The fields are as follows:

timestamp, unit
As described in Basic structure.
register-name

The name of the register being updated. This can be a general-purpose integer register, a floating-point register, a vector register, or a system register.

The list of names is therefore open-ended, evolving with the Arm architecture. Tarmac Trace Utilities recognizes the following names:

r0,...,r15 The AArch32 core registers.

x0,...,x30

e0,...,e30

The 64-bit AArch64 core registers.
w0,...,w30 The 32-bit AArch64 core registers. In some variants of Tarmac these are also used to report register updates in 32-bit code (via the architecturally defined correspondence between the AArch32 and AArch64 registers).
s0,...,s31 The single-precision floating-point registers.
d0,...,d31 The double-precision floating-point registers.

v0,...,v31

q0,...,q31

The 128-bit NEON vector registers. These can also be the MVE vector registers.
xsp The AArch64 stack pointer.
wsp The bottom 32 bits of the AArch64 stack pointer.
msp An alias for the AArch32 stack pointer, r13.
lr An alias for the AArch32 link register, r14.
sp Can mean r13, or the AArch64 stack pointer, depending on the size of contents in the register update line.

psr

cpsr

The processor status register, including the condition flags.
fpsr The AArch64 floating-point status register.
fpcr The AArch64 floating-point control register.
fpscr The AArch32 combined floating-point status and control register.
vpr The Arm v8.1-M MVE vector predicate register.

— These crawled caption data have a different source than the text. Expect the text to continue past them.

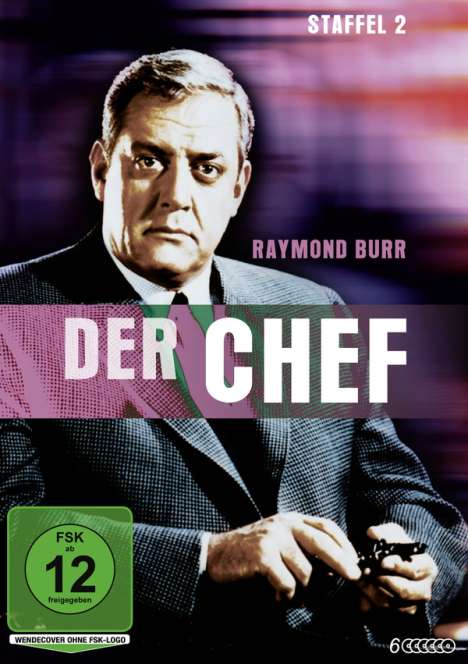 Der Chef Staffel 2, 6 DVDs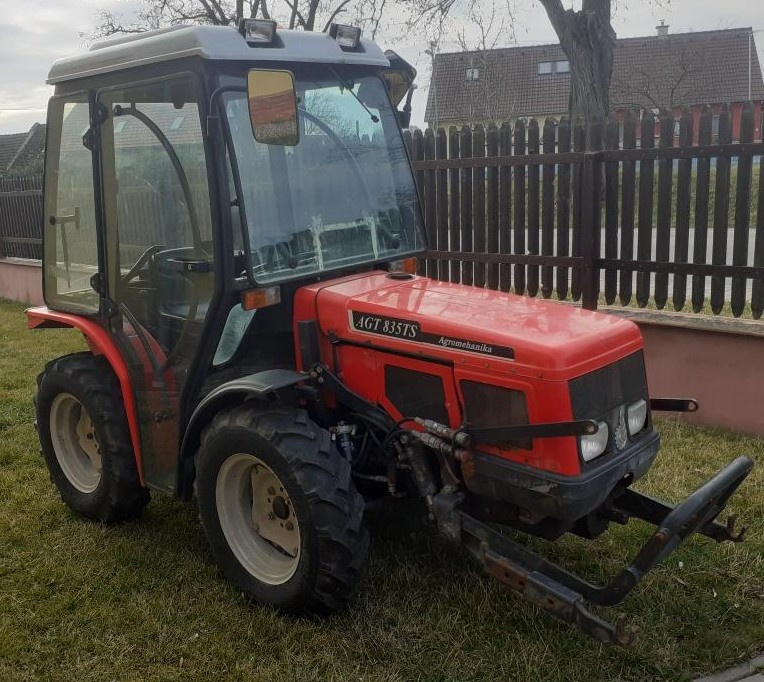 Malotraktor AGT 835TS - 2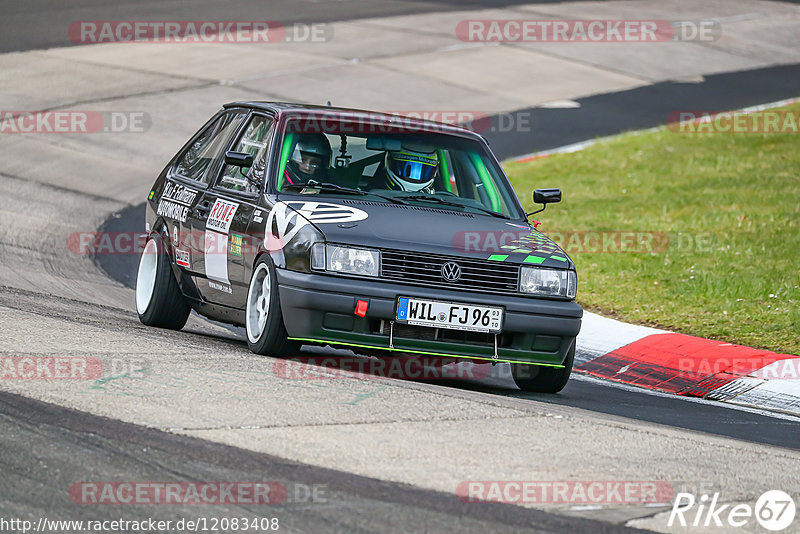 Bild #12083408 - Touristenfahrten Nürburgring Nordschleife (04.04.2021)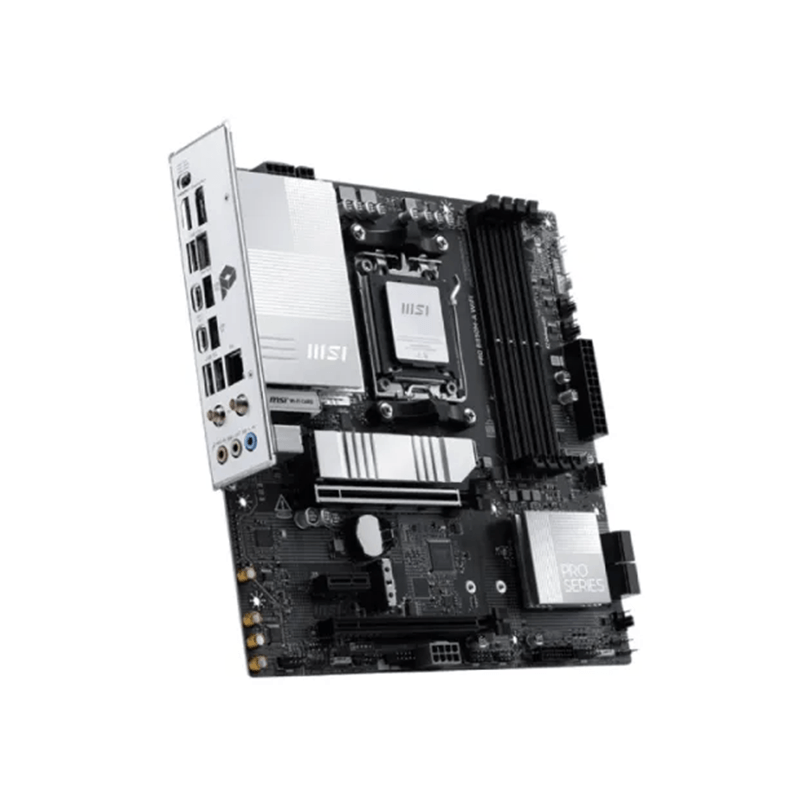 MSI PRO B850M-A WIFI AM5 Micro ATX Motherboard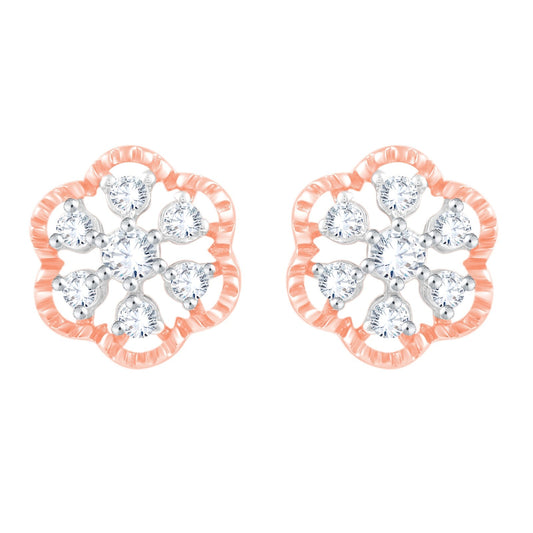 Rosaline Diamond Earrings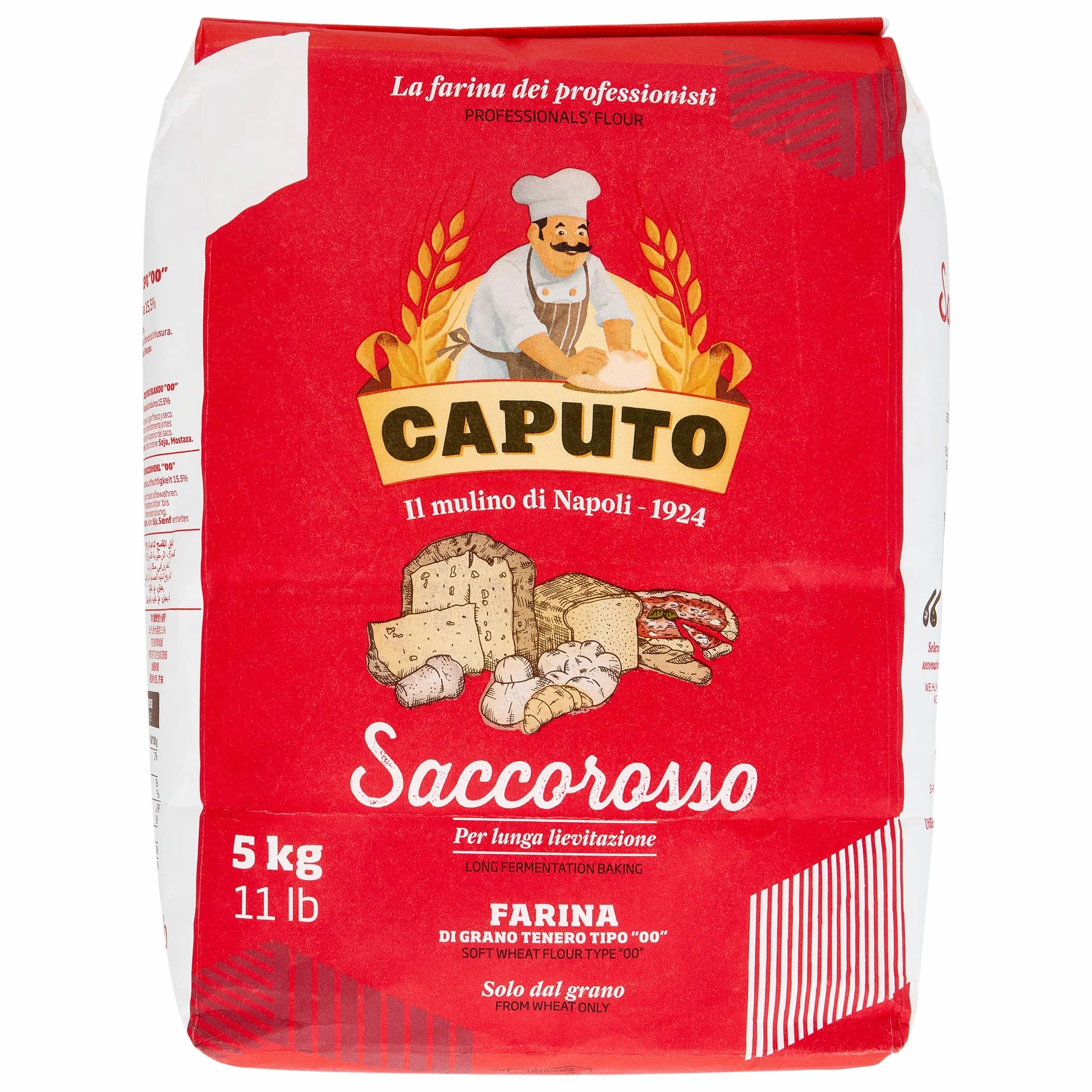Harina Caputo Cuoco Chef 5 kg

Sometimes one of the above names is followed by _ and a suffix, indicating which instance of a register is being updated. For example, in AArch32, the stack pointer might be shown as r13_svc to indicate which of the banked versions of r13 is meant.

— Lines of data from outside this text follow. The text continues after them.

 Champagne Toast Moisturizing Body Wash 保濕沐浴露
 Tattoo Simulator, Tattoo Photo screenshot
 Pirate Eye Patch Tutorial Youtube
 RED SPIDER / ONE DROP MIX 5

Many other register names are also used by lines of this form. Tarmac Trace Utilities does not model those registers in its indexing, so it ignores updates to them.

Register names are case-insensitive.

extra-info

Sometimes the register name is followed by a parenthesized word giving additional information. In some variants of Tarmac, this is a different way to indicate which of a set of banked registers is being accessed. It might also indicate the AArch32 or AArch64 version of a system register.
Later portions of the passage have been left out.